That probably means nothing…?
There is a thing named Angular momentum, and it is a vector, that points upward from north pole. It also points upward (northward) from orbit, there is a right-hand rule, that if fingers point in orbit or spin direction, the thumb points in direction of the angular momentum vector. Sum of all orbital angular momentum vectors is a normal to the so called “invariant plane” (invariable plane?), The Plane of Solar System. If the planet orbits get more inclined to this plane, they gain more individual angular momentum, since their vector sum is smaller than if they are all well aligned. There is 850-year cycle, when Jupiter and Saturn are more or less aligned with each other and therefore they or something else in the system have less or more individual angular momentums… So this Angular Momentum Vector is what counts, what is important…
IF the Sun goes arround the barycenter from left side and not as usual from the right side, it’s angular momentum is of opposite direction to the whole rest of Solar system and to it’s own spin, and planets gain angular momentum to balance that loss…
But this is very rare. (the “Retrograde Sun” )
Also as the Sun gains or loses orbital angular momentum, it is transfered from or onto planets, since the sum must be balanced – so there is a conjecture, that this loss or gain of orbital angular momentum of Sun can be transfered to it’s spin angular momentum…? No, it cannot, unless there is some lever arm, some irregularity. Gravitationally, Sun is very perfect sphere, with nothing to use as lever arm. Tidal bulges are probably negligent. It could work magnetically?
Also Torque is a vector quantity and this late in night I’m lazy to recall, in which direction that vector points, probably also poleward with a force acting in/against orbit direction…
So it should be quite irrelevant, if half of Sun sphere travels opposite to orbital direction, same as in case of Earth: in morning you run straight head up, during all day you run opposite to orbital direction, at evening you run on orbit straight down below feet, and at night you spin with Earth in orbital direction.

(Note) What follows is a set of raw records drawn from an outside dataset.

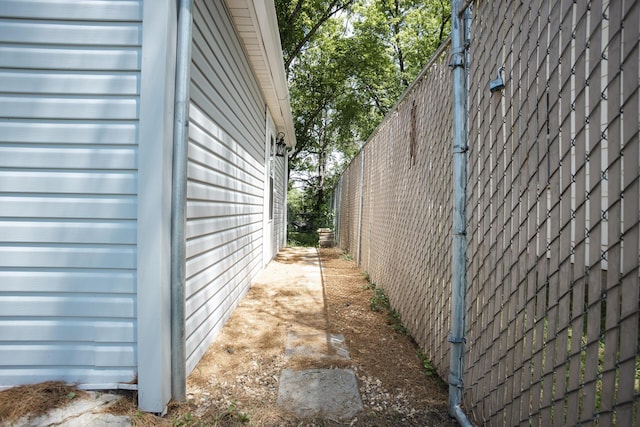 1443 6th St, West Plains, MO 65775 - view of side of home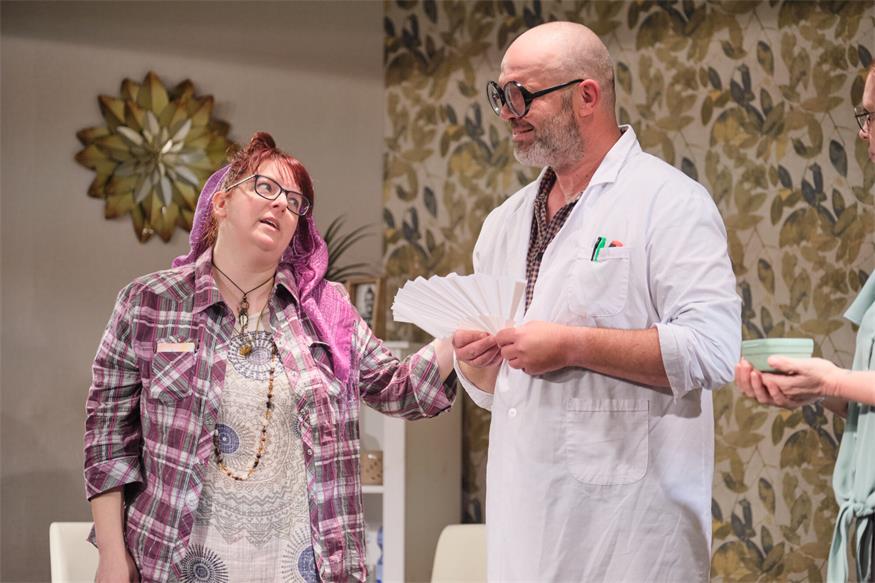 Theater im Winzerkeller: Eine Familie zum Schieflachen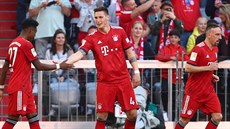 Fotbalisté Bayernu Mnichov oslavují gól Niklase Süleho (uprosted).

Do you feel it, or do very sensitive instruments feel it ? No. (And it does not matter, how much you jump or shake or convect…)
But in case of Sun, the velocity vector on surface due to spin may be larger than the velocity vector due to orbit ? In case of Earth surface, our velocity due to spin is at most 400m/s while orbital velocity is arround 30km/s …
At this moment, Sun orbits only 12m/s, and point on equator moves 1860m/s due to spin…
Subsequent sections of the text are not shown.